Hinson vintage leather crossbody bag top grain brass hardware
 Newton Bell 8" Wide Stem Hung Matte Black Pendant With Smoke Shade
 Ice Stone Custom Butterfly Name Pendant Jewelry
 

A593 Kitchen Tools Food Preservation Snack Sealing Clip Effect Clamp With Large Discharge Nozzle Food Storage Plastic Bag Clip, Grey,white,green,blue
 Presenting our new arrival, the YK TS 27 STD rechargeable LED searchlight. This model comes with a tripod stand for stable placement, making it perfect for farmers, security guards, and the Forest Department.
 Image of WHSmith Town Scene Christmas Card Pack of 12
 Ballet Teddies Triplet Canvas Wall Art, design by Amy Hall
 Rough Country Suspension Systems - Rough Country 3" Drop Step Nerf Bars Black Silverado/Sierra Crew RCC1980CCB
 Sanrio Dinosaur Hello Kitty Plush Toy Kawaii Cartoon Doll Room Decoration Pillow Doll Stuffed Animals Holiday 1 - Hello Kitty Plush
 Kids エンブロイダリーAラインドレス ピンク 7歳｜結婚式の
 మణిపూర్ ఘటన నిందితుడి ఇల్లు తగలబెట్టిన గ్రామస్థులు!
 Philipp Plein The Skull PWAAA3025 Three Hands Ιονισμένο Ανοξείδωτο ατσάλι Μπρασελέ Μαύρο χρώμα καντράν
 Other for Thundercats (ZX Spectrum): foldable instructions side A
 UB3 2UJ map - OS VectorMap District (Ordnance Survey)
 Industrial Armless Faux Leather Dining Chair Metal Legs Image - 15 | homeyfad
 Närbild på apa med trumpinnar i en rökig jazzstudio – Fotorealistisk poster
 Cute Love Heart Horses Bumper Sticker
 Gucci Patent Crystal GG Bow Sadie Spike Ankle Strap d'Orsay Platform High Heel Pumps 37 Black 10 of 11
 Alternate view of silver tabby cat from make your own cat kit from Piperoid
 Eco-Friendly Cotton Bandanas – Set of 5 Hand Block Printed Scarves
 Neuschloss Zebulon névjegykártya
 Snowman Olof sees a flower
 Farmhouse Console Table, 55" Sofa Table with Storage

§ ABOUT THIS EXERCISE: Take the lines above from the one containing "Presenting our new" down to the one containing "Philipp Plein The", and transcribe them exactly, both ends included.

§ EXERCISE SOLUTION:
 Presenting our new arrival, the YK TS 27 STD rechargeable LED searchlight. This model comes with a tripod stand for stable placement, making it perfect for farmers, security guards, and the Forest Department.
 Image of WHSmith Town Scene Christmas Card Pack of 12
 Ballet Teddies Triplet Canvas Wall Art, design by Amy Hall
 Rough Country Suspension Systems - Rough Country 3" Drop Step Nerf Bars Black Silverado/Sierra Crew RCC1980CCB
 Sanrio Dinosaur Hello Kitty Plush Toy Kawaii Cartoon Doll Room Decoration Pillow Doll Stuffed Animals Holiday 1 - Hello Kitty Plush
 Kids エンブロイダリーAラインドレス ピンク 7歳｜結婚式の
 మణిపూర్ ఘటన నిందితుడి ఇల్లు తగలబెట్టిన గ్రామస్థులు!
 Philipp Plein The Skull PWAAA3025 Three Hands Ιονισμένο Ανοξείδωτο ατσάλι Μπρασελέ Μαύρο χρώμα καντράν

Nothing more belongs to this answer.